Par conclusions du 2 septembre 2016, auxquelles il sera renvoyé pour l'exposé des moyens et arguments, Madame [P] [V] demande à la cour:
de confirmer le jugement déféré,
de constater que les ayants droits de Monsieur [E] [V], et elle-même notamment, ont précédemment demandé implicitement la réduction de toutes donations faites par Monsieur [C] [V] et Madame [B] [O],
de débouter les consorts [C] de leurs demandes,
de les condamner à lui verser une somme de 3 000 € au titre de l'article 700 du Code de procédure civile,
de les condamner aux entiers dépens d'appel.
Monsieur [D] [V] n'a pas constitué avocat.
La clôture de l'instruction de l'affaire a été prononcée le 21 novembre 2017.
MOTIFS DE LA DÉCISION DE LA COUR:
1/: - Sur les prétentions d'ordre procédural:
Il convient de donner acte à Monsieur [E] [C], Madame [U] [S] et Madame [G] [C] de leur intervention volontaire devant la cour.
En revanche, rien ne justifie d'écarter des débats la pièce communiquée devant la cour sous le n° 4, le projet d'état liquidatif établi par Maître [F] [U] dont on ne voit pas en quoi, même contesté par eux, il serait inapplicable à l'espèce comme le prétendent les consorts [C].
2/: - Sur la demande de rectification d'erreurs matérielles:
Il est constant et non contesté que c'est par erreur purement matérielle qu'il a été fait mention au dispositif du jugement déféré à la cour, d'une donation consentie par Madame [B] [O] à ses enfants et petits-enfants le 20 août 2009 alors que la dite donation a en réalité été faite le 20 août 1999.

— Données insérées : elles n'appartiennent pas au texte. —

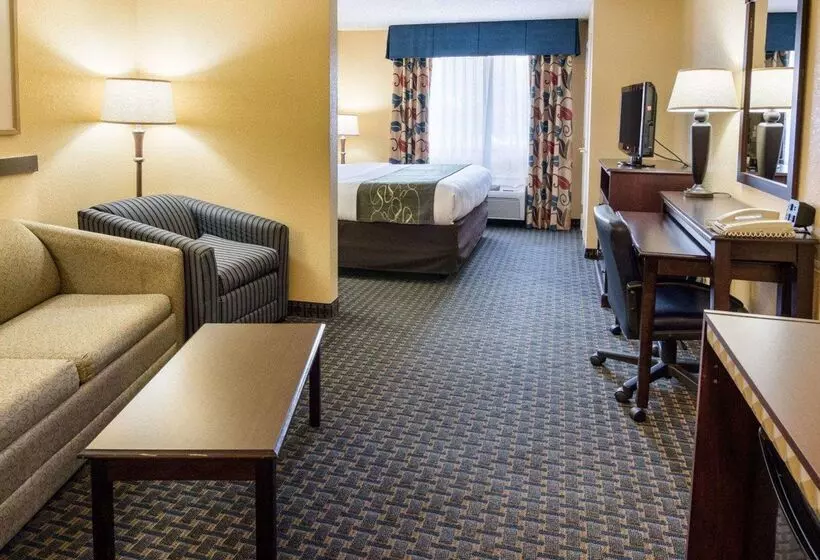 酒店 Comfort Suites Nacogdoches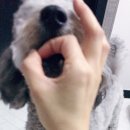 멍멍이 이발소 이미지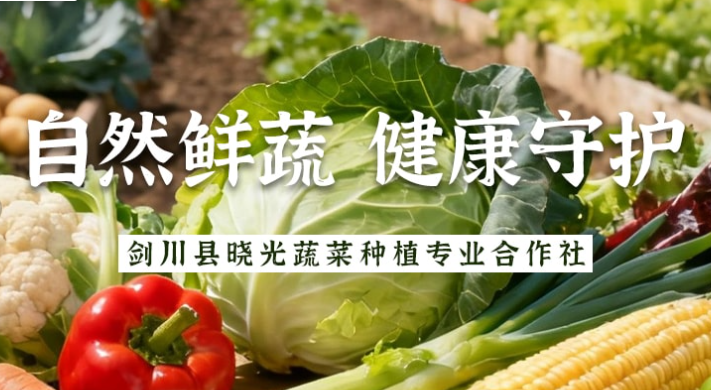 新趋势赋能新农业:剑川晓光蔬菜合作社的转型实践之路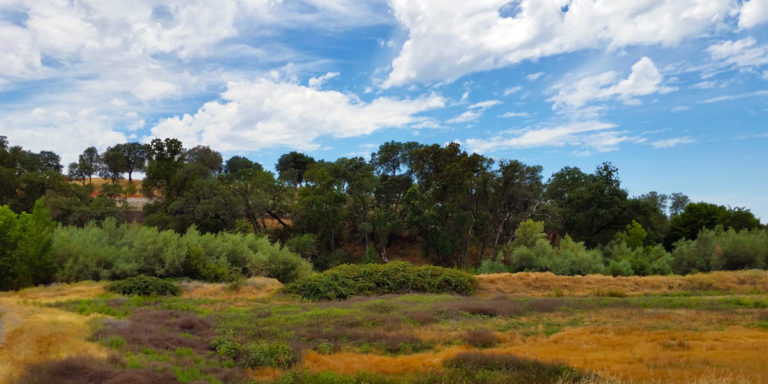 Miners Ravine Preserve – Placer Land Trust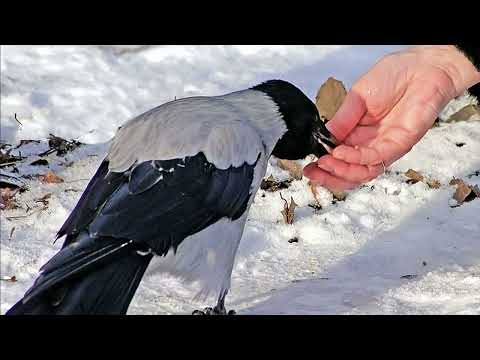 О старце Николае Гурьянове.
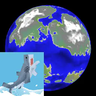 Big Globe x Ben's Sharks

Et c'est par une erreur de même nature qu'il a également été dit que les ayants droits de Monsieur [E] [V] devront faire rapport à la succession de Madame [B] [O] d'une somme de 20 000 €, alors que la somme qui doit être rapportée, au titre de l'avantage en nature constitué par la jouissance exclusive par Monsieur [E] [V] d'une maison située à [Adresse 6], de 1995 à 1999 a été chiffrée par une évaluation non discutée du notaire à 27 000 €, ainsi qu'il ressort de la motivation du jugement.
Il y a lieu, en conséquence, d'ordonner la rectification de ces deux erreurs matérielles par application des dispositions de l'article 462 du Code de procédure civile.
3/: - Sur les autres demandes:
A/:- Sur la réduction des libéralités:
La question essentielle soumise par les conclusions des appelants semble, au vu de ce qui paraît devoir être qualifié de prétentions énoncées au dispositif des conclusions des appelants au sens de l'article 954 du Code de procédure civile, être celle de la réduction des libéralités consenties:
-par Monsieur [C] [V] et Madame [B] [O], les 20 et 27 décembre 1979, à leurs deux enfants, Monsieur [E] [V] et Madame [Y] [V],
- par Madame [B] [O], le 20 août 1999, à ses deux enfants, Monsieur [E] [V] et Madame [Y] [V], épouse [C], et ses cinq petits-enfants, Madame [P] [V], Monsieur [D] [V] (enfants de Monsieur [E] [V]), Monsieur [E] [C], Madame [U] [C], épouse [Z], et Madame [G] [C] (enfants de Madame [Y] [C]).
Le notaire a intégré des indemnités de réduction de ces libéralités dans son projet de partage, ce que conteste Madame [Y] [C], et ses enfants avec elle, en soutenant qu'aucune action en réduction de la libéralité consentie à ces derniers n'aurait été exercée dans le délai de la prescription.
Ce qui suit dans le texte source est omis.